It was with that same group that Clay reunited recently, three years on, when she took the stage at New York’s Rockwood club in mid-October for an intimate 40-minute set. Two of the three Haim sisters, Este (a friend of Clay, visiting from Los Angeles) and Alana, observed from the back of the bar, heads bobbing along appreciatively. The band picked out a few buoyant chords, breaking into a laid-back rhythm while their frontwoman waited in the wings for her moment.

Then, clad in a yellow brocade suit, her purple hair vivid under the stage lights, she stepped onto the stage and broke into her new single “Follow Me Down,” which premieres exclusively on W, below. The smooth, chill track is based on the Sirens of Greek mythology — “beautiful, female water creatures that lured the sailors in their boats to their watery death,” she told me over dim sum later that week. But, at its heart, it’s about casting off your inhibitions, delving into a place where fears and daily stresses can’t follow. “It’s very much an escapism song,” she added.

The 22-year-old musician pulls inspiration from anywhere and everywhere: “I’m trying to open up my creative pores to just letting whatever wants to influence me, influence me,” she said. “My songwriting has grown exponentially when I stopped being like, ‘Okay, I have to write verse, chorus, bridge, verse, chorus.’”

It was a few days after the Rockwood show, and we were besieged by the arrival of tray after tray of plump dumplings and something called an “OG egg roll.” In person, Clay, in a neon chartreuse top and iridescent skirt (both thrifted), is playful and gregarious, much like her stage persona. She’s always the last girl on the dance floor; she described her facial expressions as “stretchy,” going from stoic to cartoonish in an instant.

As the first wave of our shrimp- and vegetable-filled cornucopia arrived, Clay speared a dumpling, pulling the skin off to examine its contents. “We’re playing Operator right now,” she said, laughing.

Clay was born and raised in San Francisco to parents who co-run a hair salon — her dad’s a stylist, her mother manages the shop. Her stepmother is an esthetician. “I’m pretty hooked up in the beauty department,” she said. Though neither of her parents are professional musicians, she grew up in a house infused with old-school soul and funk — Stevie Wonder, Chaka Khan, Marvin Gaye — which led her to the following generation of R&B musicians like Lauryn Hill and Erykah Badu. She started performing at an early age — at four, she stood on a chair in her living room and sang to an audience of no one — and started writing songs in high school. When it came time to pick a college, she knew she didn’t fit the liberal arts mold; she applied to three music schools and got into one, Berklee. She left after her sophomore year, moved to L.A., where she’s now based, and started making music and connecting with other artists.

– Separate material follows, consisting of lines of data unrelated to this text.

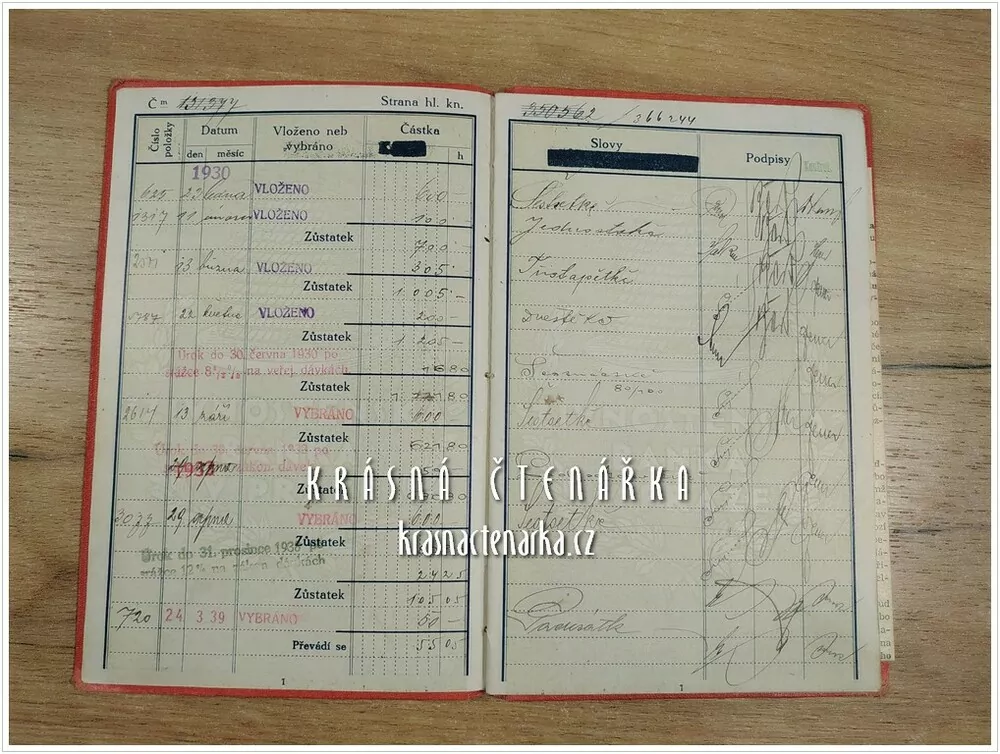 VKLADNÍ KNÍŽKA Živnostenské banky, Praha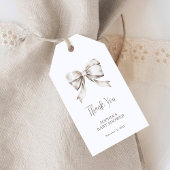 White Bow Ribbon  Baby shower Dank u Cadeaulabel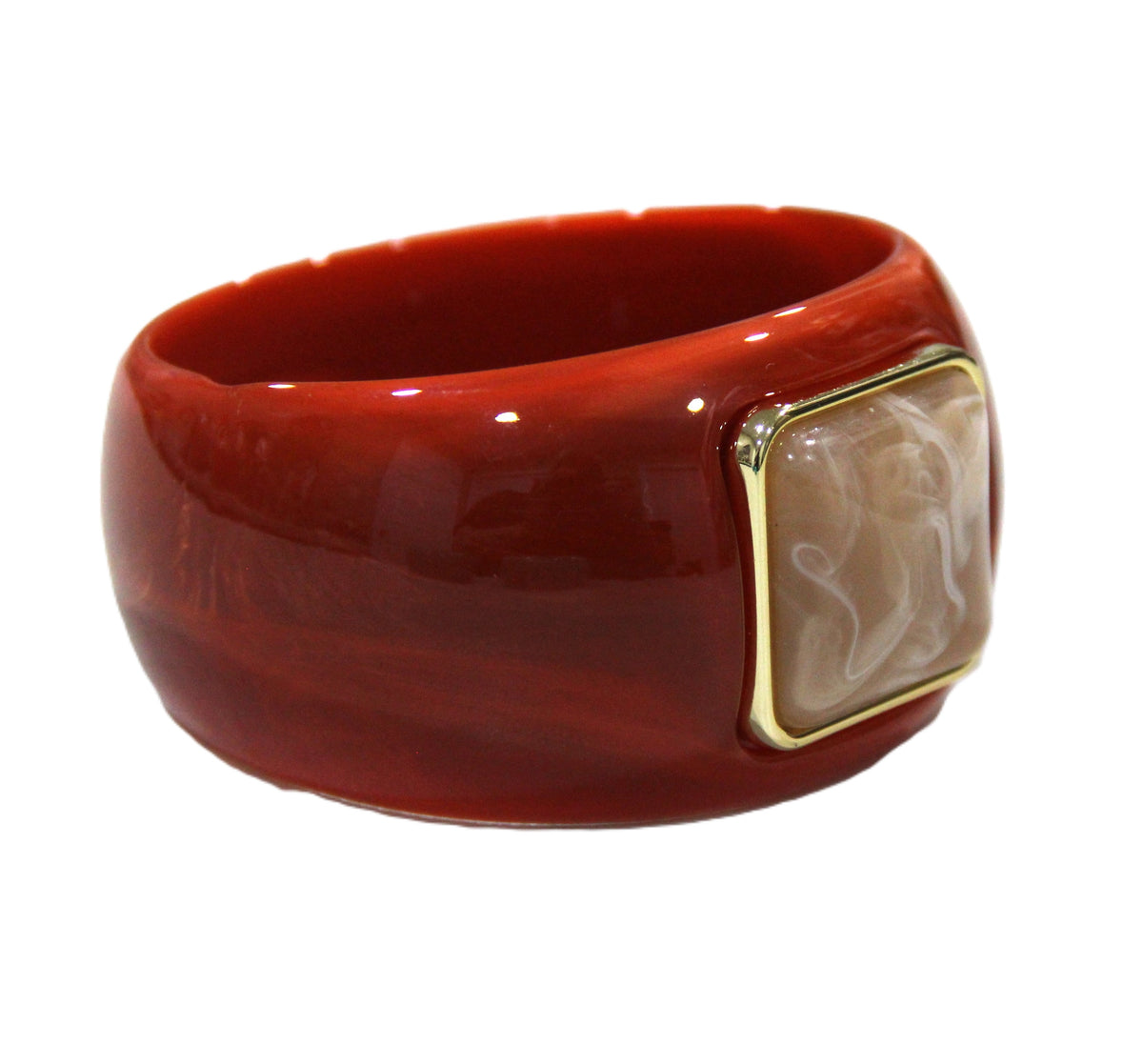 CONTEMPORARY RESIN BANGLE BRACELET - RUST RED CREAM SQUARE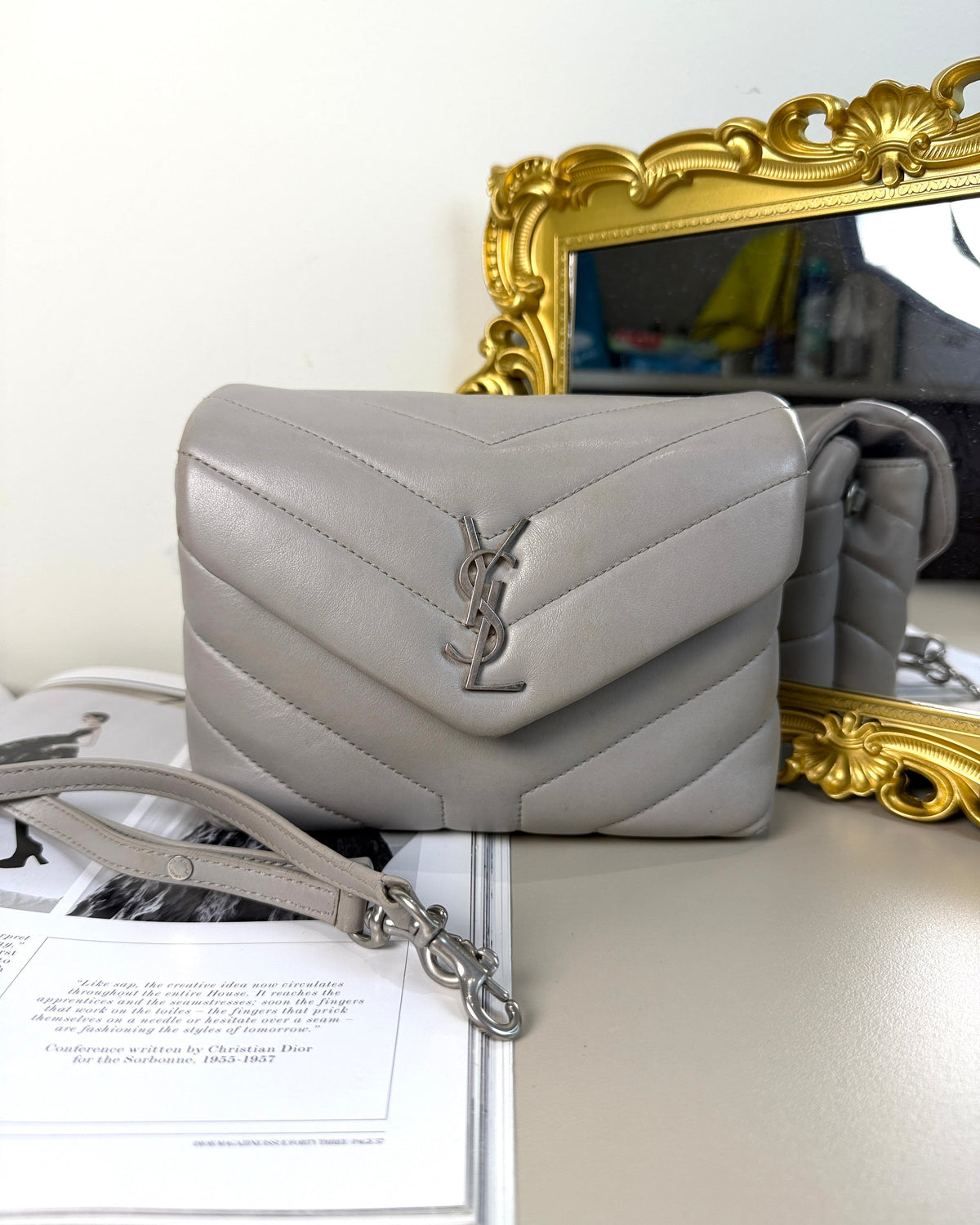 Saint Laurent Loulou Toy Crossbody Bag - Light Grey/ Stone Grey - View 1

It wasn’t until late September of this year that Clay made her debut, though, releasing “Wild Thing/3’s A Crowd.” “Follow Me Down” is just her second single ever, the second of three in the lead-up to her debut EP, The Clay Project, Chapter One: When Night Falls. (Slated for January release, it’ll be quickly followed by The Clay Project, Chapter Two: When Day Breaks in March.) She has the next year all mapped out: a string of singles, two EPs, culminating in a full-length album she describes as more akin to a mixtape in the Lauryn Hill mold than a traditional record.

Yet she’s still unsigned — of her own volition. “It’s been pure guerilla warfare,” she said, adding that it gives her more freedom both in the studio and with her fans. “All I’m trying to do is create safe spaces,” she said. “All I’m trying to do is that all-encompassing message of me: having purple hair and wearing crazy bright clothes and being so radically myself that people are like, ‘Oh, I want to be myself, too.’”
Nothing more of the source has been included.